Of course we do not run to a miracle man under Vedantic inspiration, but motivated by curiosity or the temptation to harness his power, or looking upon miracles as acts divine and their performer as a minor god. And the rationalist brands these gods as frauds.

But mysticism informs us that there are innumerable possibilities between the god and the fraud; so far as a genuine miracle man (not a magician) is  concerned, his act is no fraud unless his claims exceed his limited capacity. We meet a classic example of this category in Swami Vivekananda’s experience with one, as described by him in a letter written on 15 February 1893 to his well-wisher,  Maharaja Ajit Singh of Khetri. He was then camping at Chennai, preparing for his historic journey to America. The letter is on his meeting with Govinda Chetty of Kumbakonam.

The  man had the uncanny power to write down the answer to whatever question that was in a visitor’s mind, for a small fee. Vivekananda was ready with three questions: How his aged mother fared, what was his guru’s name and last—a most difficult one—what was the second part of a Buddhist hymn composed in Tibetan language!

The paper in which the answers were to be written was kept in the pocket of a man who accompanied Vivekananda. Each answer was correct—even the Tibetan hymn. A stunned Vivekananda could not help remembering Shakespeare: “There are more things in heaven and earth, Horatio, than are dreamt of in your philosophy.”

What awaited was revealing.
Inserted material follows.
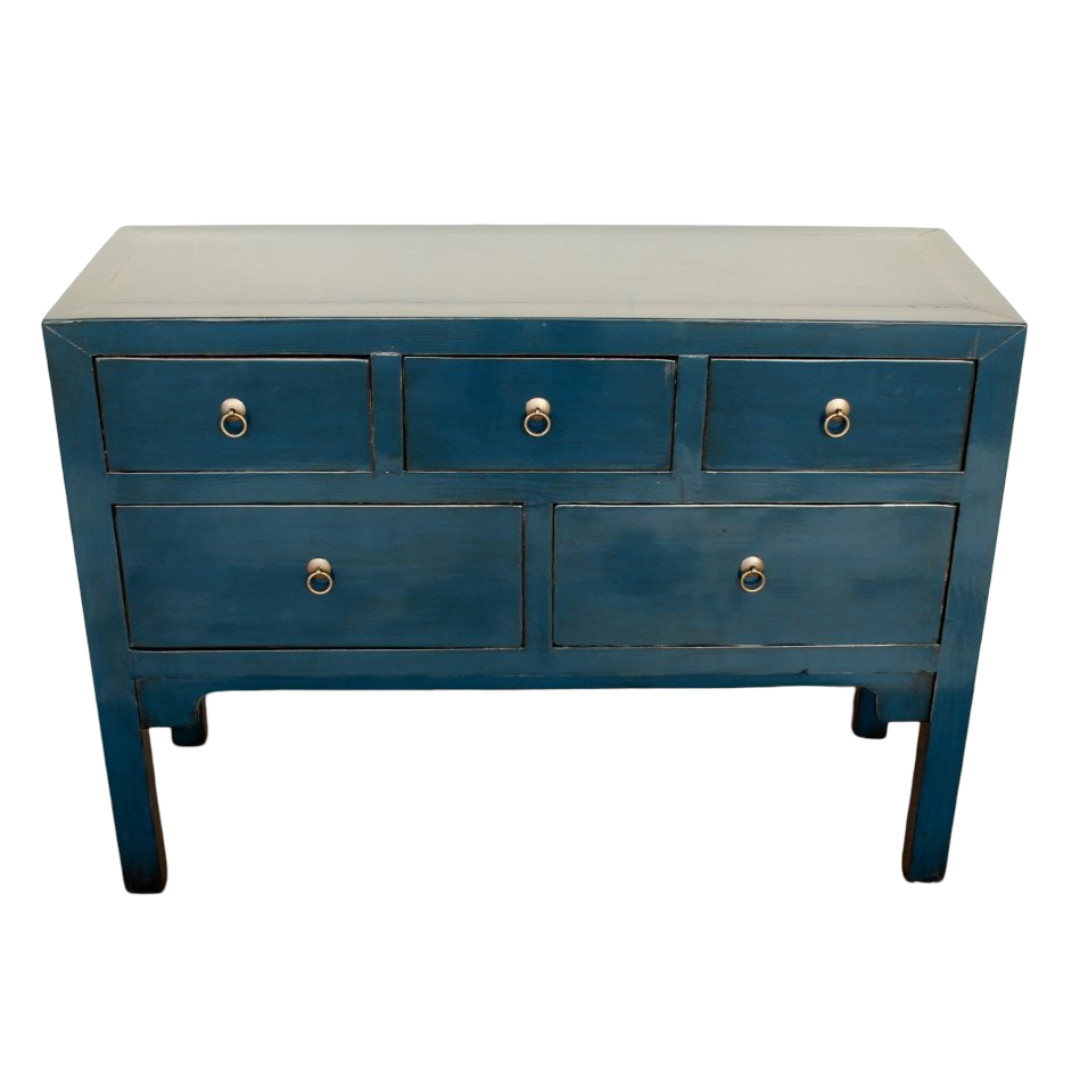 FURN377 NAVY BLUE 5 DRAWER BUFFET 82X114X41CM NAVY BLUE 5 DRAWER BUFFET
The miracle man not only refused to accept his fee, but ushered into the Swami’s presence all the members of his family who bowed down to him. He even believed that the Swami’s blessings would cure him of his fever. Why should a man of such powers need an unknown Sannyasi’s help? The man candidly told the Swami that all he possessed was a “Mantra Siddhi”.
Obviously the man had no ambition to project himself as a godman. He could not have dreamed of moving about in high circles and making politicos gape in awe. Contrast him with Chandraswami, who passed away last week. This is from the noted diplomat Natwar Singh, then Deputy High Commissioner for India in the UK, who organised, at Chandraswami’s request, his meeting with Margaret Thatcher, then Leader of the Opposition (1975), and acted as his interpreter:

“The clock was ticking away. Chandraswami was in no hurry ... He gave Thatcher five strips of paper and requested her to write a question on each. She obliged, but with scarcely camouflaged irritation. Chandraswami then asked her to open the first paper ball. She did. He gave the text of the question in Hindi. I translated. Correct. I watched Mrs. Thatcher. The irritation gave way to subdued curiosity. Next question. Again bull’s eye. Curiosity replaced by interest. By the fourth question the future iron lady’s demeanour had changed. She began to look at Chandraswami  not as a fraud, but as a holy man indeed. My body language too had altered. Last question. Correct again. Mrs. Thatcher was now perched on the edge of the sofa. Chandraswami was like a triumphant guru.”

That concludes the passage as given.